## [TASK OBJECTIVE]
Output all the data exactly. Pictures do not belong in the copy.
** GIVEN ENTRIES follows **
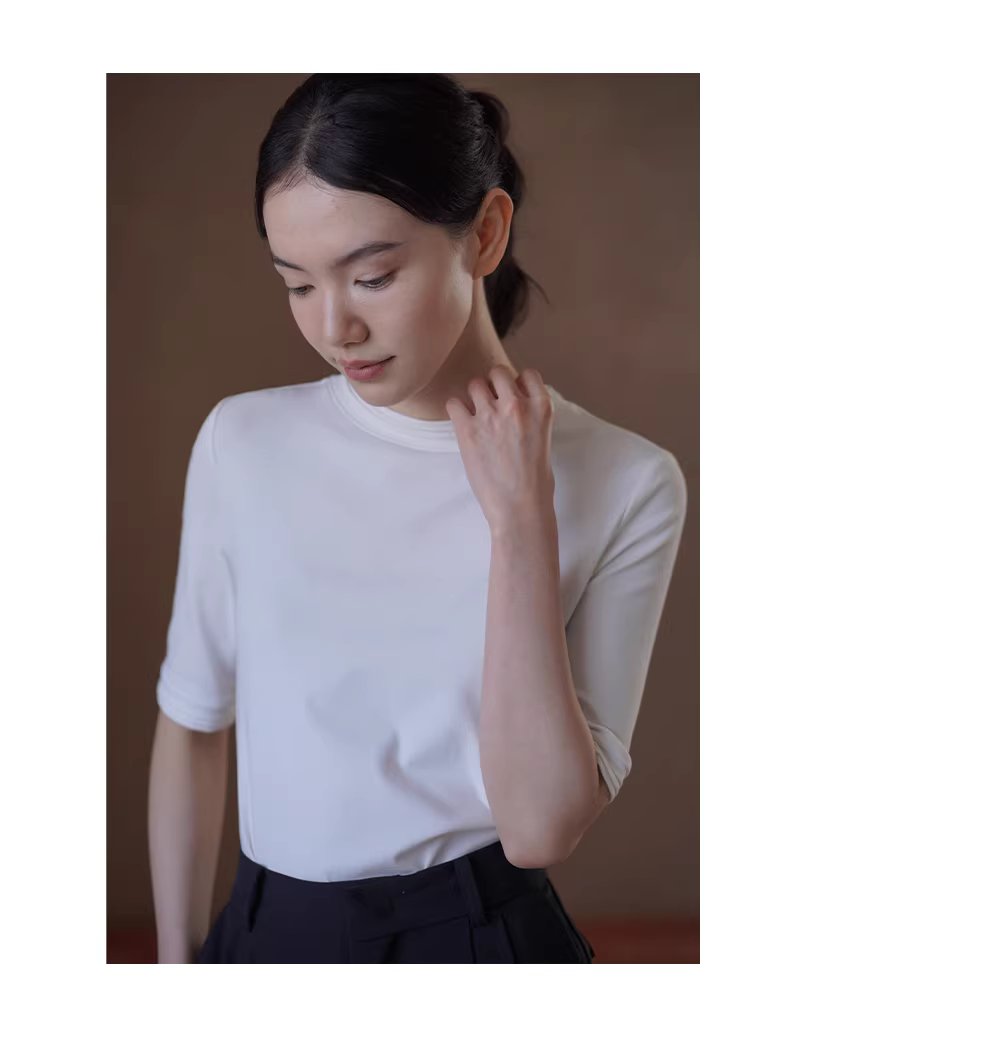 精緻加持舒適線上塔克線圓領合身彈性中袖通勤顯瘦T恤女,精緻加持舒適線上塔克線圓領合身彈性中袖通勤顯瘦T恤女,HBFS1063,精緻加持舒適線上塔克線圓領合身彈性中袖通勤顯瘦T恤女,內搭單穿,親膚透氣
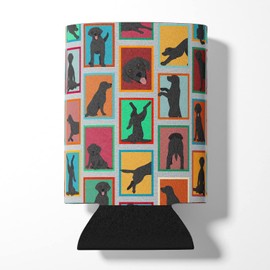 Caroline's Treasures MLM1093CC Lots of Black Labrador Retriever Can or Bottle Hugger Cooler Washable Drink Sleeve Collapsible Beverage Insulated Holder, Can Hugger, Multicolor
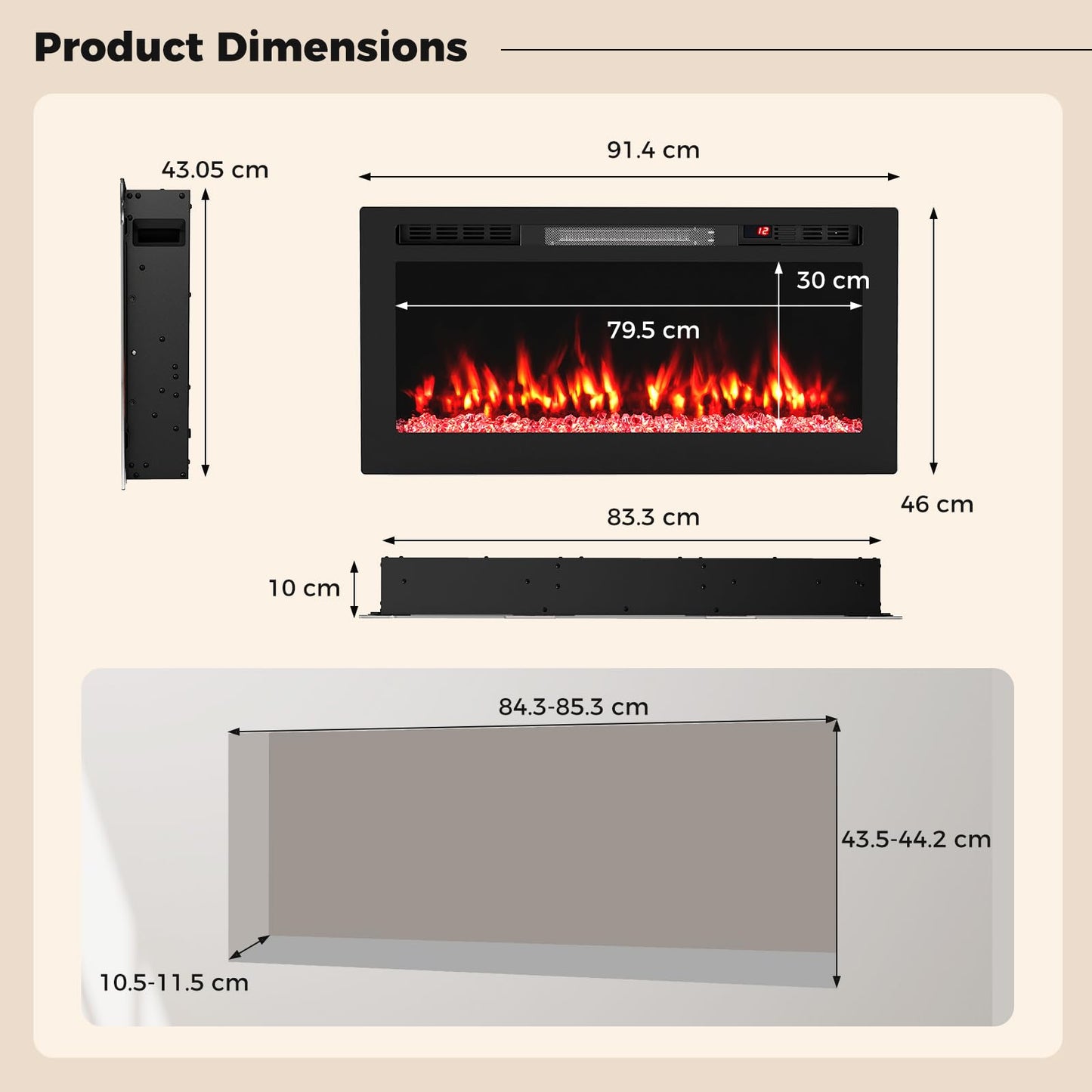 WiFi-Enabled Electric Fireplace Compatible with Alexa and Google Assistant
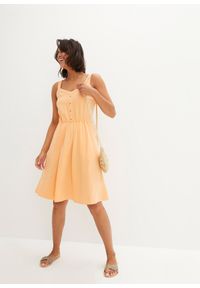 bonprix - Sukienka bawełniana z dżerseju z kieszeniami, dł. do kolan. Kolor: pomarańczowy. Materiał: bawełna, jersey. Długość rękawa: bez rękawów. Długość: midi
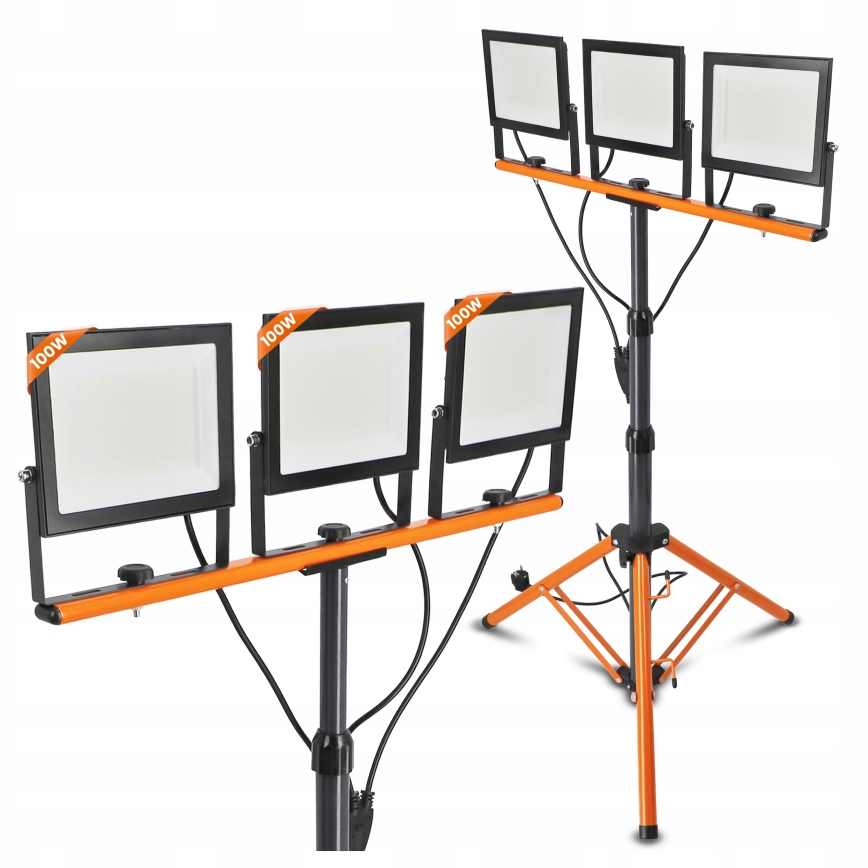 LED-schijnwerper met statief 3xLED/100W/230V 4500K IP65 zwart/oranje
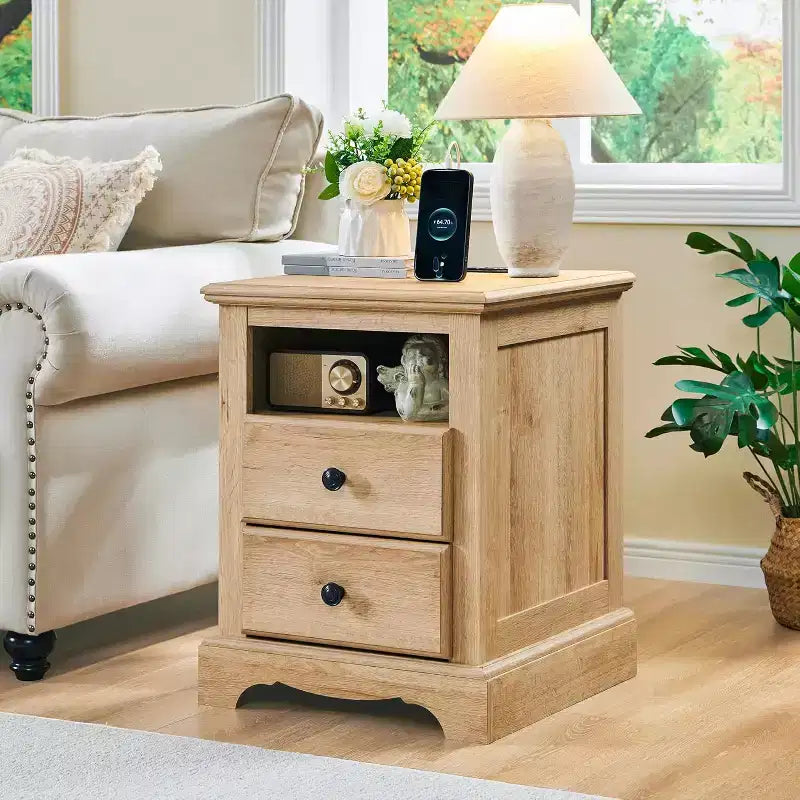18 Vintage Nightstand with Charging Station, End Table Side Table with 2 Drawers for Bedroom, Living Room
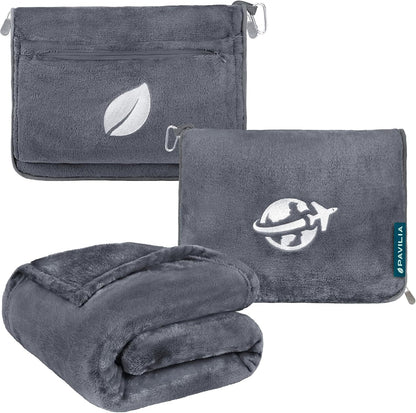 PAVILIA Wearable Travel Blanket & Pillow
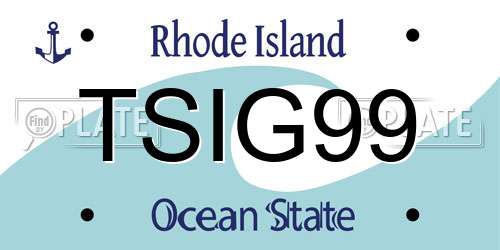 TSIG99 Rhode Island License Plate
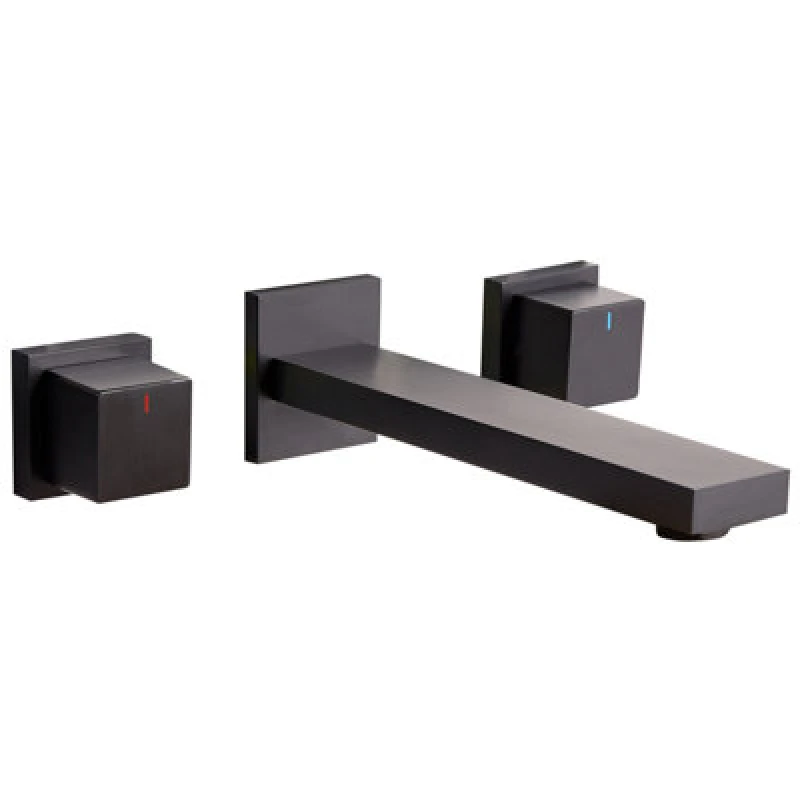 Image of Beliani Wall Mounted Basin Mixer Tap Pailon Brass Black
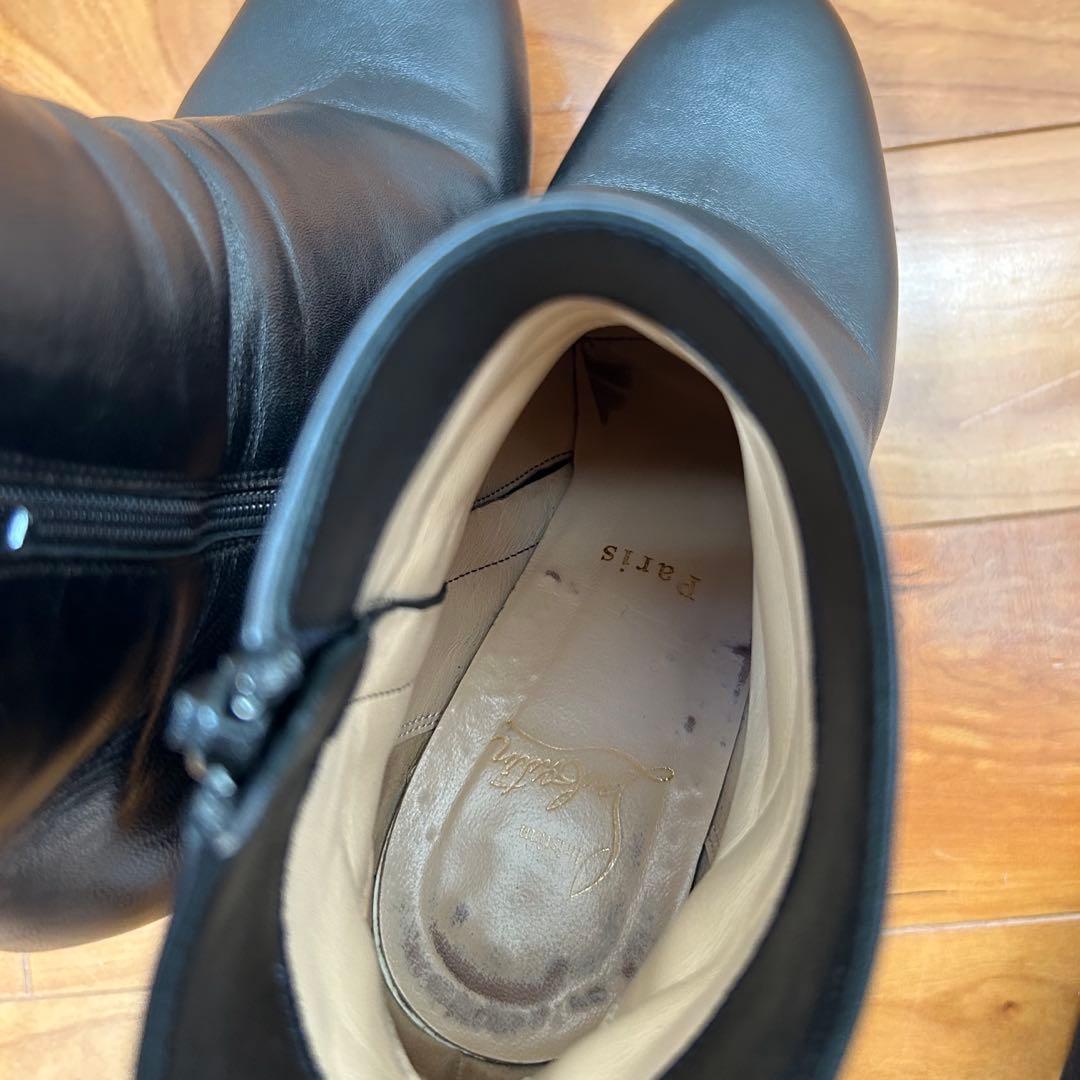 Christian Louboutin ショートブーツ 黒38 箱保存袋付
** End of GIVEN ENTRIES **
## [REPLY TO THE EXERCISE]
 精緻加持舒適線上塔克線圓領合身彈性中袖通勤顯瘦T恤女,精緻加持舒適線上塔克線圓領合身彈性中袖通勤顯瘦T恤女,HBFS1063,精緻加持舒適線上塔克線圓領合身彈性中袖通勤顯瘦T恤女,內搭單穿,親膚透氣
 Caroline's Treasures MLM1093CC Lots of Black Labrador Retriever Can or Bottle Hugger Cooler Washable Drink Sleeve Collapsible Beverage Insulated Holder, Can Hugger, Multicolor
 WiFi-Enabled Electric Fireplace Compatible with Alexa and Google Assistant
 bonprix - Sukienka bawełniana z dżerseju z kieszeniami, dł. do kolan. Kolor: pomarańczowy. Materiał: bawełna, jersey. Długość rękawa: bez rękawów. Długość: midi
 LED-schijnwerper met statief 3xLED/100W/230V 4500K IP65 zwart/oranje
18 Vintage Nightstand with Charging Station, End Table Side Table with 2 Drawers for Bedroom, Living Room
 PAVILIA Wearable Travel Blanket & Pillow
 TSIG99 Rhode Island License Plate
 Image of Beliani Wall Mounted Basin Mixer Tap Pailon Brass Black
 Christian Louboutin ショートブーツ 黒38 箱保存袋付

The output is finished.